Jim reaches out for Chrissie, but only furtively. Though she is sitting right in front of him in Aliceville, North Carolina, she might as well be half a world away. The time is late 1941. Chrissie is engaged to Bucky Bucklaw, who is in the Navy and has lately written home from Pearl Harbor. Bucky tells Jim to stay away from Chrissie.
And in the quaintly rural, microcosmic setting that Earley introduced so magically in his 2000 novel, Jim the Boy, Bucky's family money, military status and bullying nature (he was "the kind of baseball player who blamed his glove when he booted a ground ball, or his bat when he struck out") mean that Bucky holds the upper hand.

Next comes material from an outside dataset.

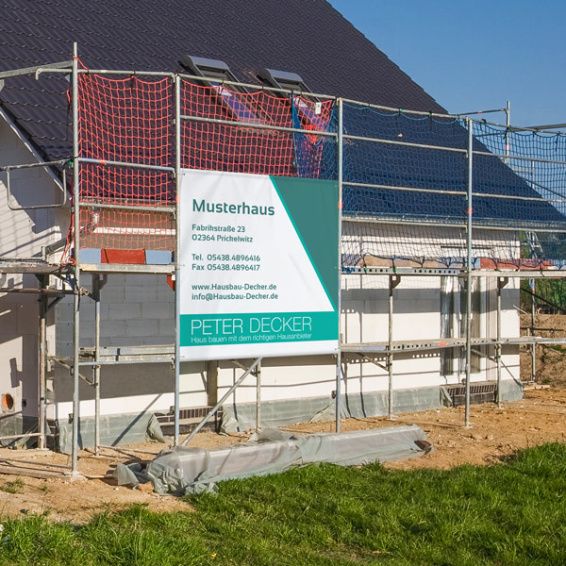 Bâche pour échafaudage - fixation par fourreaux (15 cm)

Jim the boy could have remained a boy forever. Earley's crystalline portrait of him as a 10-year-old brought up by a tenderly protective family ("he ain't no bigger than a poot," said one of his three uncles, who served as the earlier book's Greek chorus) needed no expansion or improvement. But here is a second, cloudier installment, and it brings Jim into contact with a new set of realities. Jim's adolescent joys (secretly fishtailing the family car on country roads), urges (his crush on Chrissie is full-fledged first love) and fears (The Blue Star is infused with signs of the coming war) are much more fateful and painful than the emotions he experienced before.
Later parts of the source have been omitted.